El 26 de abril Hermann Göring pone en marcha la campaña de «transferencia de riquezas». Cada judío con más de cinco mil marcos en activos debe declararlos a las autoridades o será detenido.

Al día siguiente llegan agentes de la Gestapo al Banco Ephrussi. Se pasan tres días revisando los archivos. Según las nuevas normas —dictadas hace treinta y seis horas—, el negocio debe ser ofrecido prioritariamente a accionistas arios, y con descuento. En consecuencia, se pregunta a Herr Steinhausser, colega de Viktor a lo largo de treinta y seis años, si quiere comprar la parte de sus socios judíos.

Sólo han pasado seis semanas desde el plebiscito manipulado.

«Sí —dice Steinhausser en una entrevista sobre su papel en el banco realizada después de la guerra—, claro que compré.
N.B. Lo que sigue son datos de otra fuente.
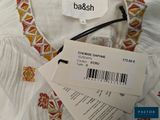 a label on a dress that says ba & sh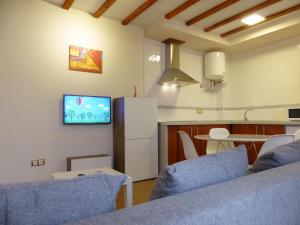 トレドにあるApartamento B con Garaje Privadoのキッチン、リビングルーム(壁にテレビ付)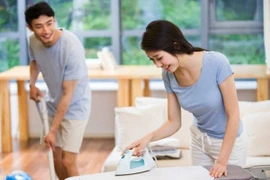 Hải Nam (Trung Quốc) vận động nam giới chia sẻ việc nhà với vợ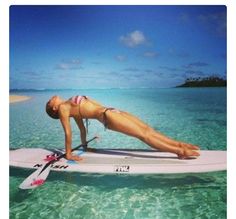 a woman on a surfboard in the ocean with her legs spread out and head down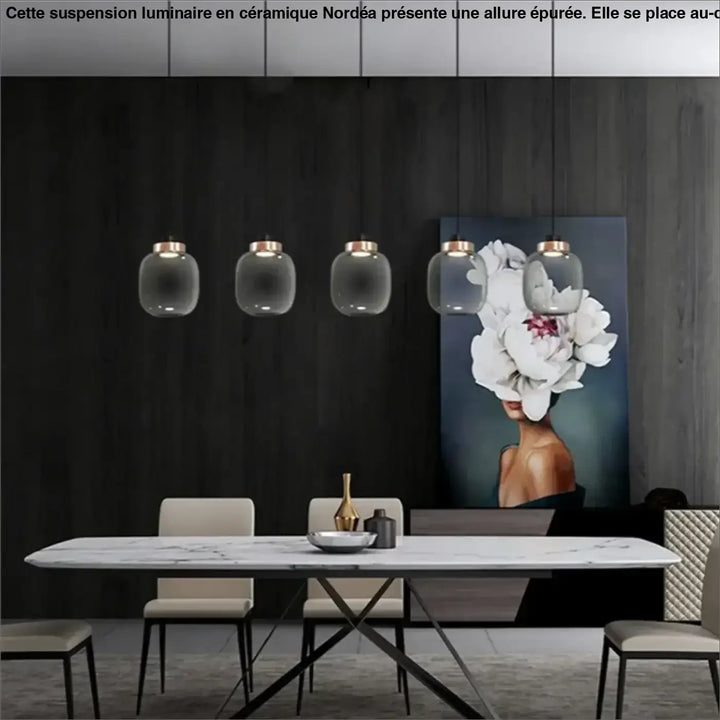 Suspension luminaire mistral avec cinq suspensions en verre gris fumé et accents en laiton au-dessus dune table en marbre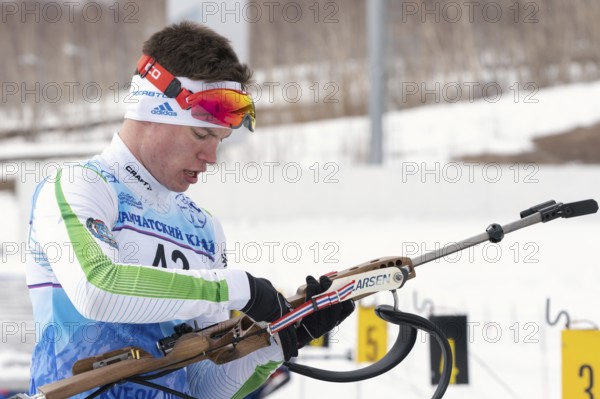 Biathlete reloads rifle before rifle shooting on shooting range. Sportsman biathlete Zlobin Vladislav Khanty-Mansiysk. Regional youth biathlon competitions East Cup. Kamchatka, Russia, April 12, 2019
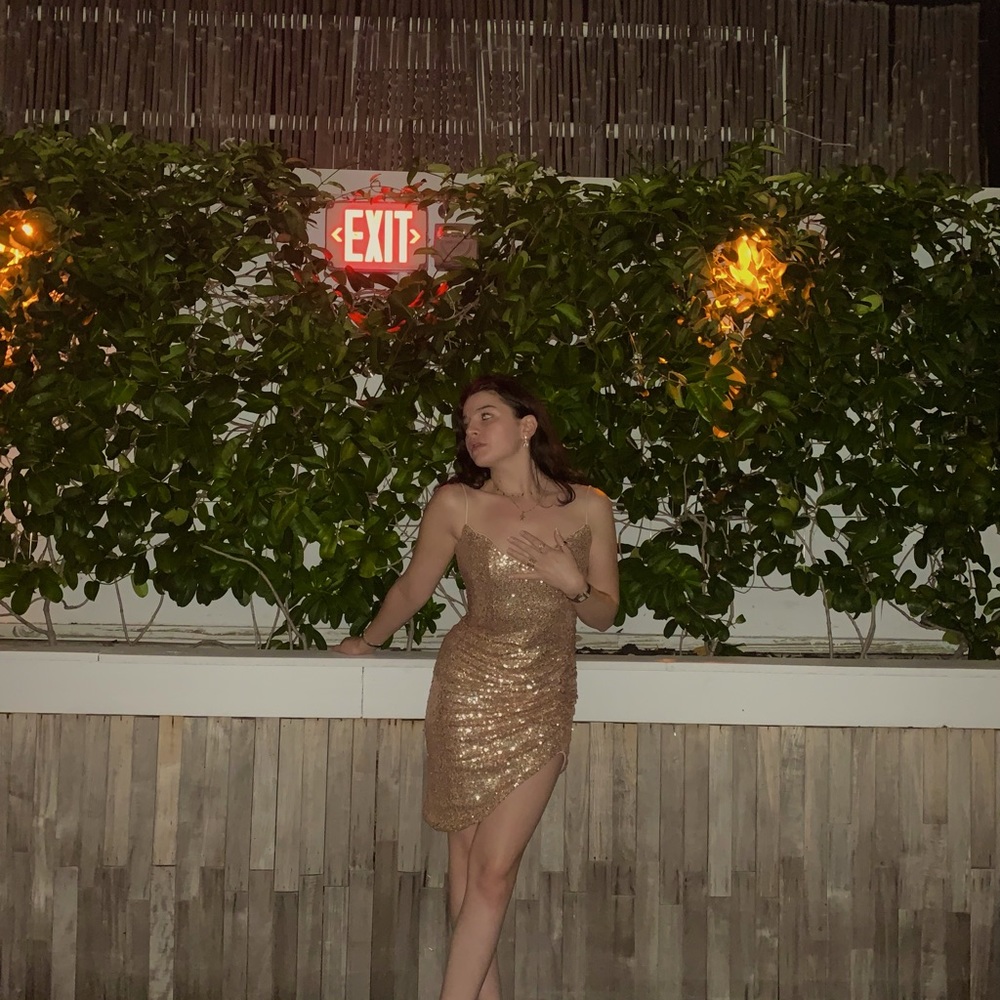 Sequin dress with slit on leg. Gold finish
Ellos necesitaban efectivo para pagar el Reichsfluchtsteuer, el impuesto de salida… y me ofrecieron sus acciones con urgencia porque era la forma más rápida de conseguirlo. El precio, lo que costaba a Ephrussi y a Wiener marcharse, era “totalmente apropiado”… Quinientos ocho mil marcos del Reich… más los cuarenta mil del impuesto de arianización, por supuesto».

De modo que el 12 de agosto de 1938 Ephrussi et Cie. es retirada del registro empresarial. En el informe, insólitamente, dice «BORRADA». Tres meses después se llama Bankhaus C. A. Steinhausser y se la revalúa bajo este nuevo nombre. Con propietarios gentiles valdrá seis veces más que con propietarios judíos.

En Viena ya no hay un palacio Ephrussi ni un Banco Ephrussi. La familia ya no ensuciaba la ciudad.

Durante esta visita voy al archivo judío, el mismo del cual se apoderó Eichmann, a comprobar los detalles de una boda. Recorriendo un registro encuentro a Viktor, y sobre él un sello rojo oficial. «Israel», leo. Y es que, por decreto, todos los judíos debían adoptar un nuevo nombre y alguien se había tomado el trabajo de poner el mismo sello sobre todos y cada uno de los de Viena: «Israel» para los hombres y «Sara» para las mujeres.

Me había equivocado. La familia no está borrada, sino sobrescrita. Y es esto lo que, finalmente, me hace llorar.